EDF SA, a French energy company, said that it had completed the shut down of one reactor at its oldest nuclear power plant in Fessenheim near the border of Germany. The nuclear power plant’s second and last reactor will be shut down on June 30.

The company told media outlets that the 900-megawatt reactor’s shutdown began at 8:30 pm on Friday and ended in the small hours of Saturday. The shut down was completed normally, but it was an emotional moment for those in the control room, according to EDF. Around 100 people, including employees, reportedly protested against the shutdown.

German and Swiss officials have long demanded that French energy officials close the aging Fessenheim nuclear power plant, which is located on the border of France near Germany and Switzerland, near Freiburg in southwestern Germany.

“The time has finally come,” said German Environment Minister Svenja Schulze on Friday in Berlin, adding that shutting down Fessenheim would make Germany “safer.”

Schulze also said that Germany would keep lobbying its neighbors to commit to phasing out nuclear power.

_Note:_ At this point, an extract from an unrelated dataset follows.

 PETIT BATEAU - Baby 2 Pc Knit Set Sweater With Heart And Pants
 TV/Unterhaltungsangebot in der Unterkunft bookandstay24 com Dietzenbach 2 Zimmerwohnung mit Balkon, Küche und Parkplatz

“Nuclear power is not a climate savior. It is risky, expensive and leaves behind radioactive waste for thousands of generations.”

A ‘historic step’

French Energy Minister Elisabeth Borne has called the shutdown a “historic step,” as it is the first time one of France’s 58 nuclear reactors has been permanently taken off the country’s power grid.

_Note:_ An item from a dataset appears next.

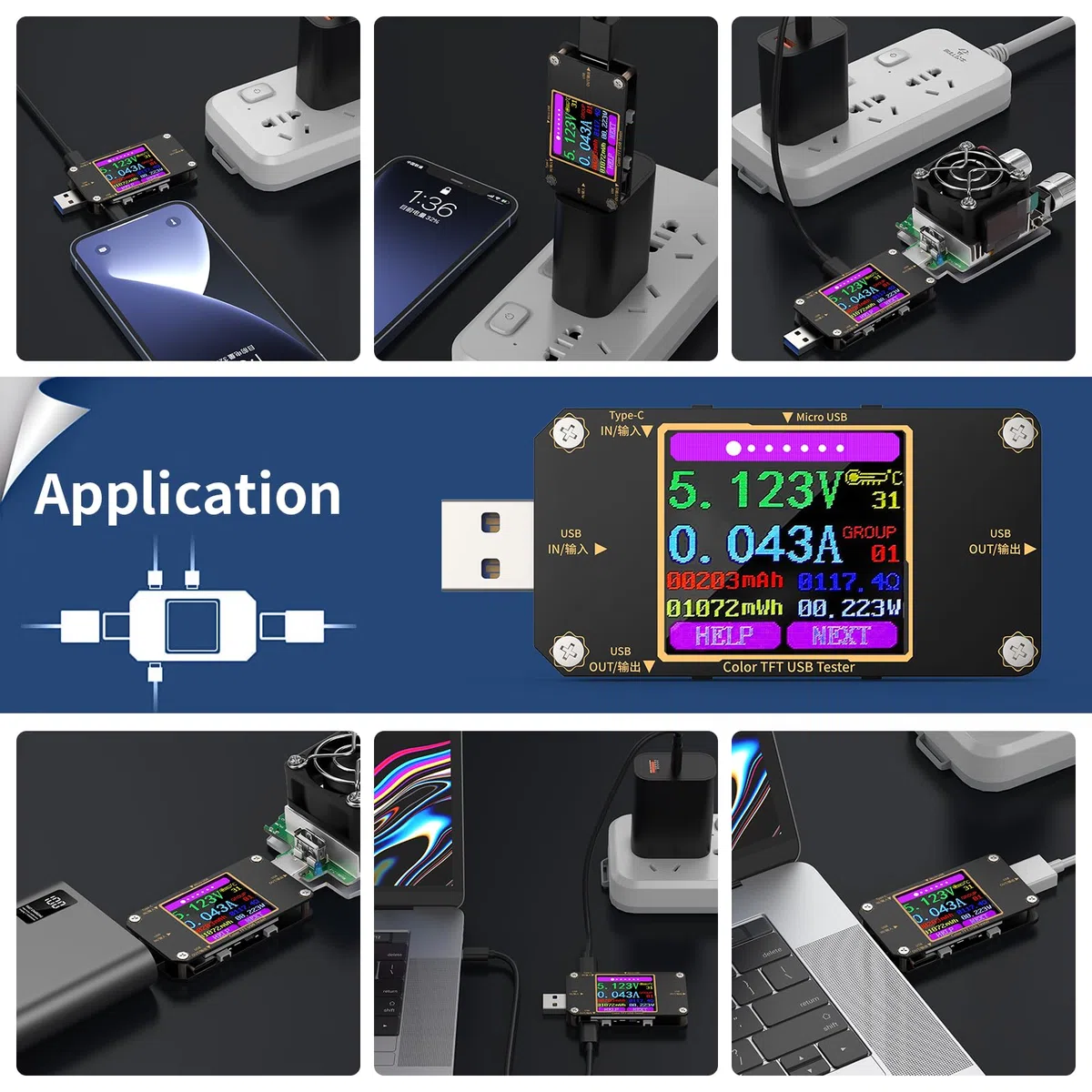 YOJOCK Testeur USB Power Multimètre USB C Meter de Courant et de Tension 4,5-24V 0-3,0A, Voltmetre Amperemetre Capacité Alimentation Wattmètre Chargeur Détecteur avec Connecteur de Type C (A3)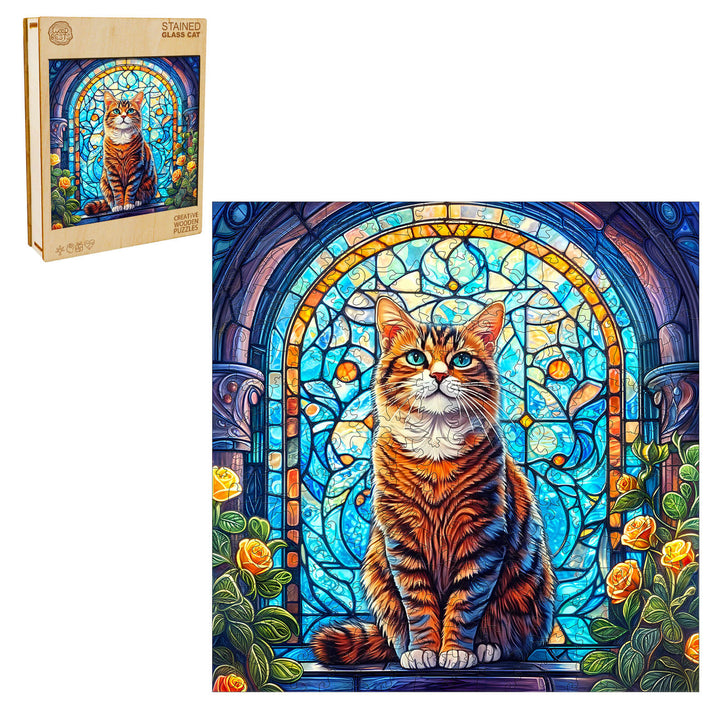 Stained Glass Cat Wooden Jigsaw Puzzle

France gets about 75% of its electricity from nuclear plants, but many are aging. The country has set a target of reducing its nuclear energy dependence to 50% by 2035 by bringing in more renewable power.

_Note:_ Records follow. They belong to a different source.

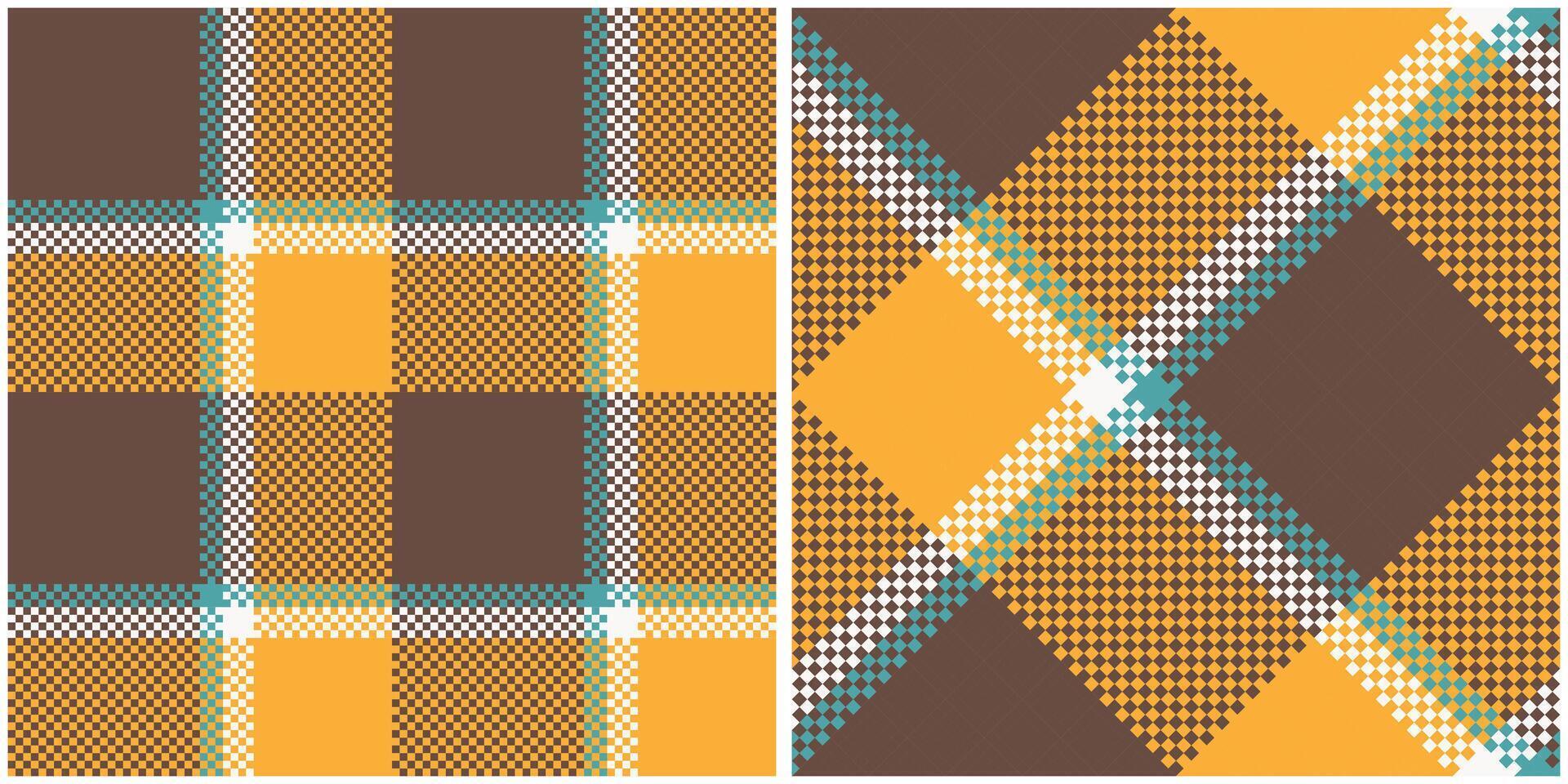 Plaid Pattern Seamless. Checker Pattern Seamless Tartan Illustration Set for Scarf, Blanket, Other Modern Spring Summer Autumn Winter Holiday Fabric Print. vector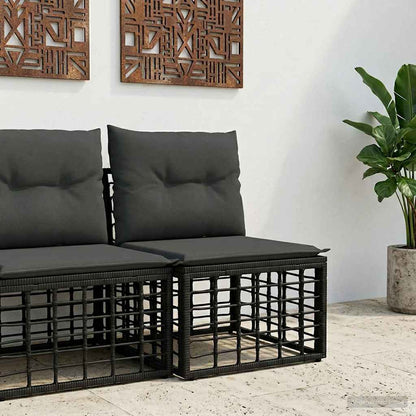 Modulo Divano da Esterno Senza Braccioli Nero polyrattan | homemem39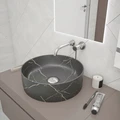 Раковина для ванной круглая накладная Teymi Lina D41 цвет графит мрамор T50181 1216195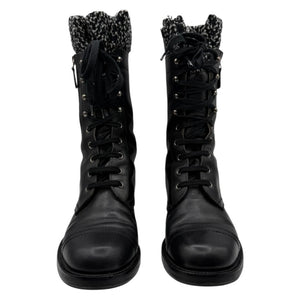 Chanel Black Leather Combat Boots with Knit Cuff – Size 41.5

Following the Fukushima nuclear disaster in 2011, German environment officials concluded that although German facilities were better prepared for disaster than the Japanese, Germany would revert to a previous policy — briefly overturned by Angela Merkel prior to Fukushima — of shutting down all nuclear power plants within around 10 years.

There are currently six nuclear power plants operating in Germany: Grohnde and Emsland in Lower Saxony, Brokdorf in Schleswig-Holstein, Isar 2 und Grundremmingen in Bavaria and Neckarwestheim 2 in Baden-Württemberg.

The remaining reactors in Germany are all scheduled to be shut down by the end of 2022.